In 8th grade, students nationwide take a career assessment and then are given a list of which careers might fit their interests and talents. When Jonas’ then eighth-grade son brought home a list of potential careers and “firefighter” wasn’t even on the list of possibilities, he knew he needed to do something for the future of the industry.
“I had a vision at that point,” he said. “Four years ago, I presented a plan to address this issue to former Chief [Scott] Owen and he granted me permission to start the process of building a program to address our lack of applicants. The focus of our plan was to recruit local people from Marshfield and the surrounding communities to apply to our fire department,” said Jonas.
The plan was modeled after other local businesses, such as H&S and A&B Process Systems, that have had success recruiting young interest through school apprenticeship programs and other initiatives.
“The real goal here is for us to hire local people, as they tend to stay in the area,” said Jonas. “This benefits not only us as a department but other departments and volunteer departments in the area.”
Jonas first reached out to Marshfield High School, Columbus High School and Mid-State Technical College.
“Together, we built a ‘pathway’ for high school juniors and seniors to earn college credits towards fire and EMS certification (The Firefighter Tech. Academy),” he explained, adding that the training provided can also be used for those interested in volunteer firefighting.

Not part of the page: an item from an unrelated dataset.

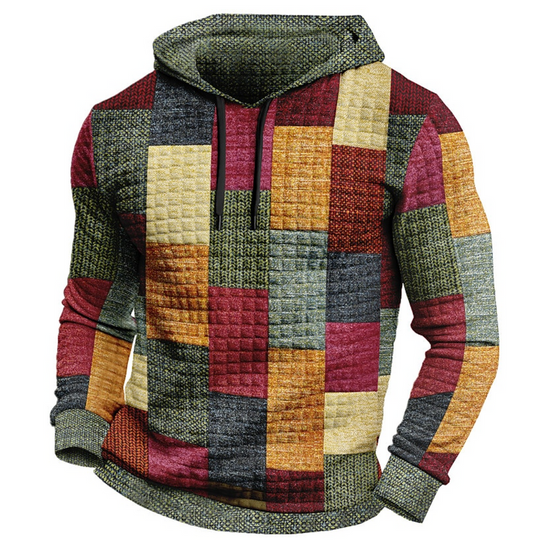 Herren Hoodie mit 3D-Karomuster und Kapuze - orange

“I also have a heart for volunteer departments,” said Jonas. “With the average volunteer age being 50, it’s important to recruit young people interested in helping and provide them a way to do so.”
To further improve exposure to high school students within Central Wisconsin, Jonas and team have also partnered with the Marshfield Chamber of Commerce and Industry (MACCI) and Pathway Partners to allow for MFRD to be listed as a job shadow option for students within the area.
“This will allow for students from Marshfield and the surrounding communities to job shadow our department for up to three weeks to determine if this career is one that they would be interested in,” said Jonas.
High school students can job shadow and learn the daily routines of MFRD firefighters/paramedics and gain a basic knowledge of fire behavior, equipment/tools used to mitigate an emergency scene, and even earn college credit towards a career in firefighting through the Firefighter Technician Academy at MSTC.
Jonas hopes that the program’s success locally can inspire other departments and be adapted in other areas to help meet their staffing needs.
“My hope is to share this program with other departments within Wisconsin to improve our statewide application numbers,” said Jonas. “My vision for the program is to work together with the volunteer services, especially in our area. We currently rely on our first responders for EMS first response, and I’d like to see the MFRD first respond for fires within our neighboring communities. I’d love to see local students participate in these programs and join their local volunteer fire departments, while working towards the goal of becoming a professional firefighter / Paramedic, if they choose to do so.”